Framework Ventures — the San Francisco VC that made early bets on Aave, Chainlink, and Hyperliquid — just closed a $400 million fourth fund. It was oversubscribed. The LP base includes sovereign wealth funds, an Ivy League endowment, nonprofit organizations, and funds of funds. And roughly half the capital is already deployed.
But here is the part that actually matters: the fund is not going into crypto alone.
Framework is investing across blockchain, artificial intelligence, robotics, and energy — all under the label "frontier technology." Co-founder Vance Spencer's exact words: "The boundaries between frontier technologies are dissolving rapidly. The next generation of category-defining companies will not fit neatly into one vertical." The firm already led a $60 million Series A in Mecka AI, a robotics data startup with Mag 7 customers and a projected $100 million annual run rate. In February, it arranged $500 million in financing through the Sky stablecoin ecosystem alongside mortgage company Better — a deal where crypto rails fund a traditional real estate lending business.

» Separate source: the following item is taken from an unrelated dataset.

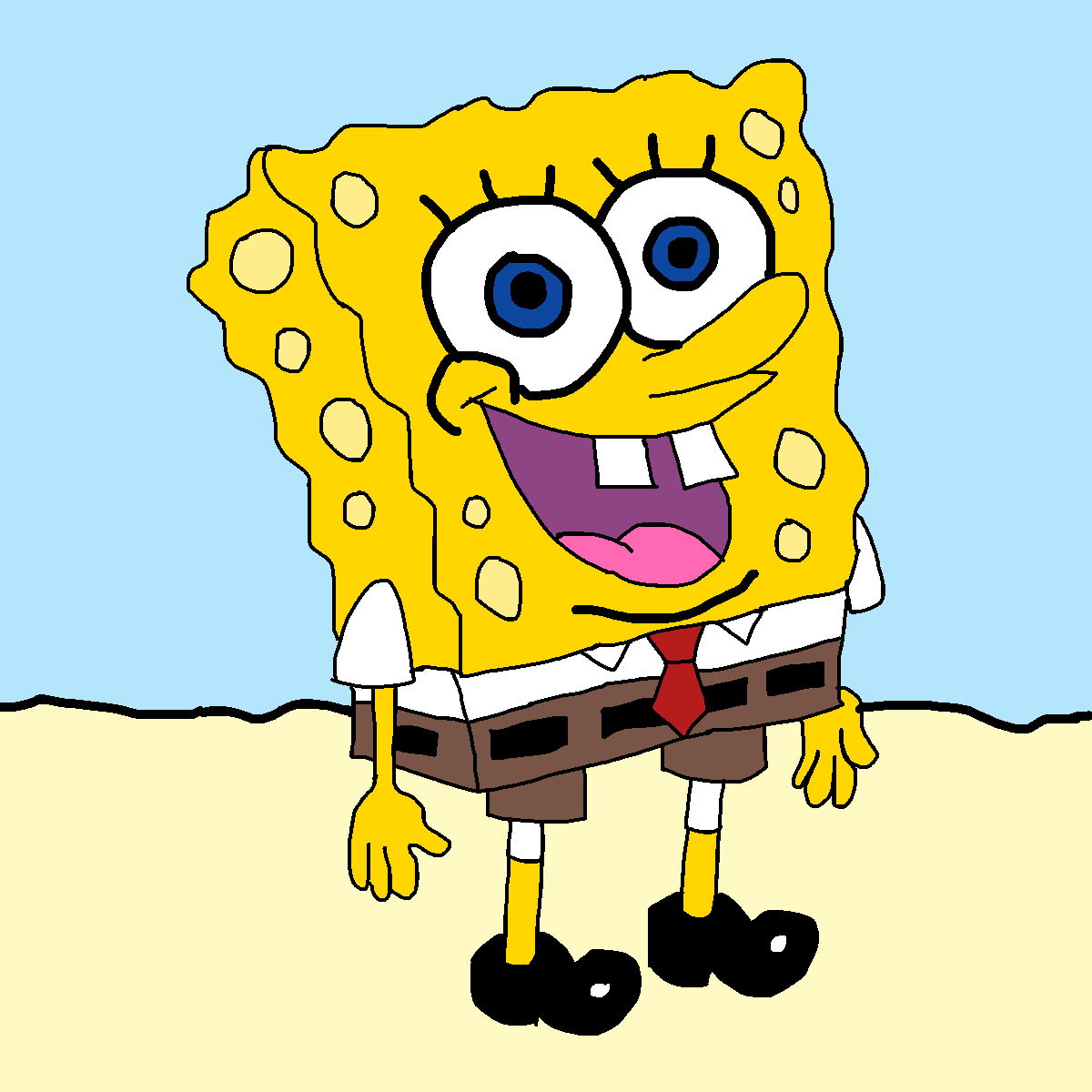 SpongeBob drawing by monthra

This is the single most important signal in venture capital for crypto investors to understand right now. Framework is not abandoning crypto. They still hold major positions in Hyperliquid, Aave, Chainlink, Plasma, and Jito. But they have explicitly concluded that the next category-defining companies will sit at the intersection of blockchain, AI, and physical technology — not purely inside one vertical.

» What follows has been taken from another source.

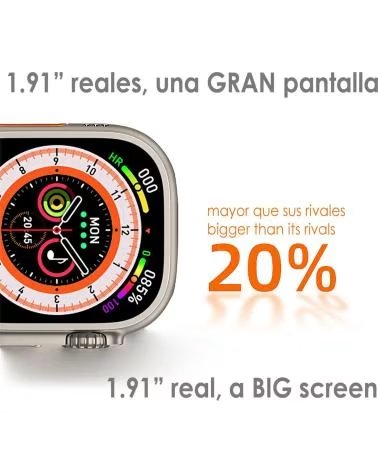 DAM SMARTWATCH J68 NEGRO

Paradigm is reportedly seeking up to $1.5 billion for a fund with the same cross-disciplinary thesis. Framework raised $100 million in 2021, $400 million in 2022, and $400 million again now — same size, completely different mandate. The market they're targeting has expanded.
For crypto investors reading this: the smart money is not leaving crypto. It is expanding the definition of what crypto-native investing means. Blockchain rails, AI decision-making, robotics for physical execution — the same founders who built DeFi are now building across all three. Framework's oversubscribed fund, backed by sovereign wealth and Ivy League endowments during a bear market, is the clearest possible signal that institutional confidence in the long-term thesis has not moved. Only the investment mandate has widened.
The question is whether the token market catches up to what the venture market already knows. Based on Framework's deployment pace — half of $400 million already committed before the fund even closed — the answer appears to be: the builders aren't waiting for prices to recover before they start.